L'ultima è quella di una commissione del Comune di Milano che ha bocciato l'installazione, in piazza Duse, di una statua raffigurante la maternità, peraltro opera di un'artista con l'apostofo, quindi donna. «Non rappresenta valori condivisi da tutti i cittadini e le cittadine», hanno motivato i geni della commissione, la quale non si capisce a chi risponda, visto che il sindaco Sala dice che non è d'accordo con la sua decisione, l'assessore alla cultura neanche, le donne del Pd neppure. Ma al Comune di Milano chi comanda?

Ora, a parte il fatto che se ogni opera d'arte dovesse essere condivisa da tutti i cittadini e le cittadine non ve ne sarebbe esposta neppure una in tutto il globo terracqueo, andiamo al punto. L'assurdità di bocciare la statua di una donna che allatta è solo l'ultima di una lunghissima serie.

Nei giorni scorsi il consiglio

di amministrazione dell'Università di Trento ha approvato all'unanimità un nuovo regolamento generale nel quale tutte le cariche sono declinate al femminile. «Ci siamo riferiti alla persona», ha spiegato il rettore. Ma persona è neutro (individuo della specie umana, senza distinzione di sesso, età, condizione sociale e sim., dice la Treccani): ricercatrice e amministratrice no. Basterebbe rispettare la lingua italiana, e scrivere che ci sono professoresse e professori, e così via.
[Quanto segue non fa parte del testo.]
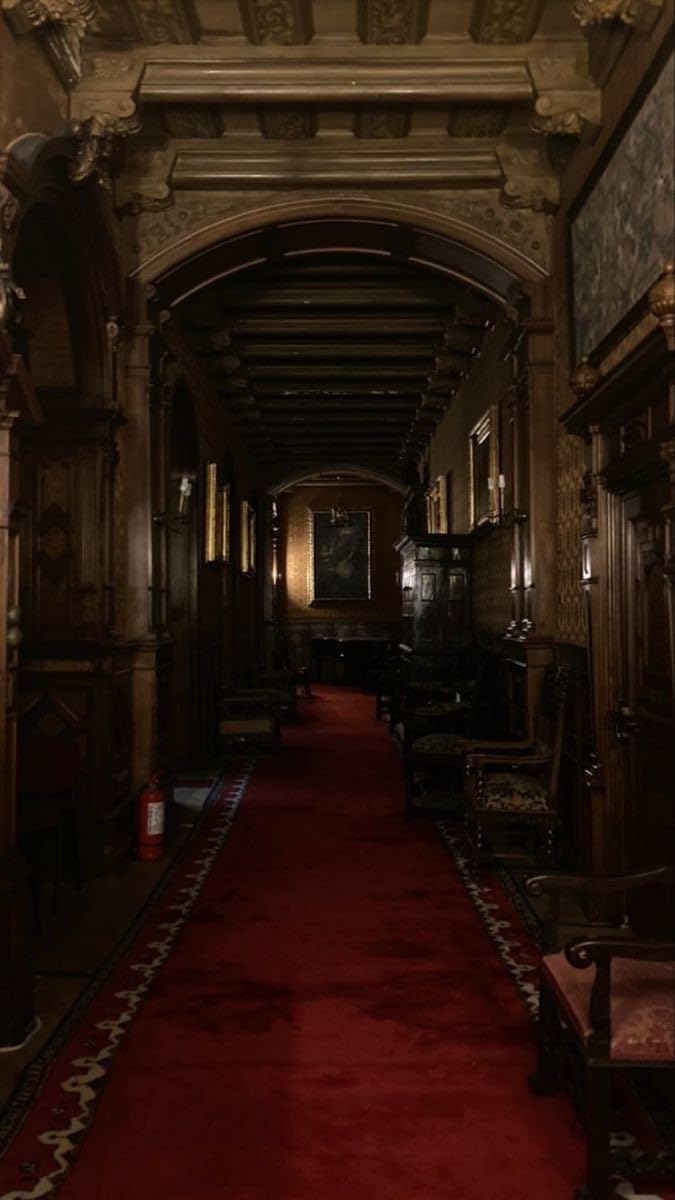 Terror en el hotel crescent : La Maldición de Carrie (Spanish Edition)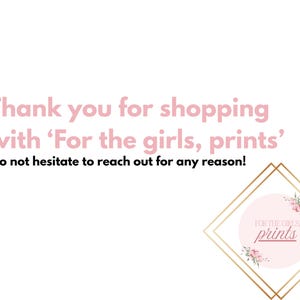 Puede incluir: Fondo blanco con texto rosa que dice: "Gracias por comprar con 'For the girls, prints' &iexcl;No dude en comunicarse por cualquier motivo!" Un marco geom&eacute;trico dorado rodea un c&iacute;rculo rosa con detalles florales y las palabras "For the girls prints".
A scanso di equivoci, penso che Giorgia Meloni sia la, e non il, presidente del Consiglio. E penso che così come per secoli sono esistiti maestro e maestra, cameriere e cameriera, infermiere e infermiera, ginecologo e ginecologa, anche senatore e senatrice da qualche decennio, sia giusto declinare al femminile tutte le professioni, quando svolte da una donna. Per rispetto della lingua italiana, dicevo: ma pure per evitare equivoci. A Checco Zalone dicono di entrare nell'ufficio del direttore, lui apre la porta, vede un uomo e una donna e si siede davanti al primo, che invece è il segretario. Il seguito è la comicità di Checco. Ma se nella vita normale ti dicono di entrare dalla direttrice, non puoi sbagliare.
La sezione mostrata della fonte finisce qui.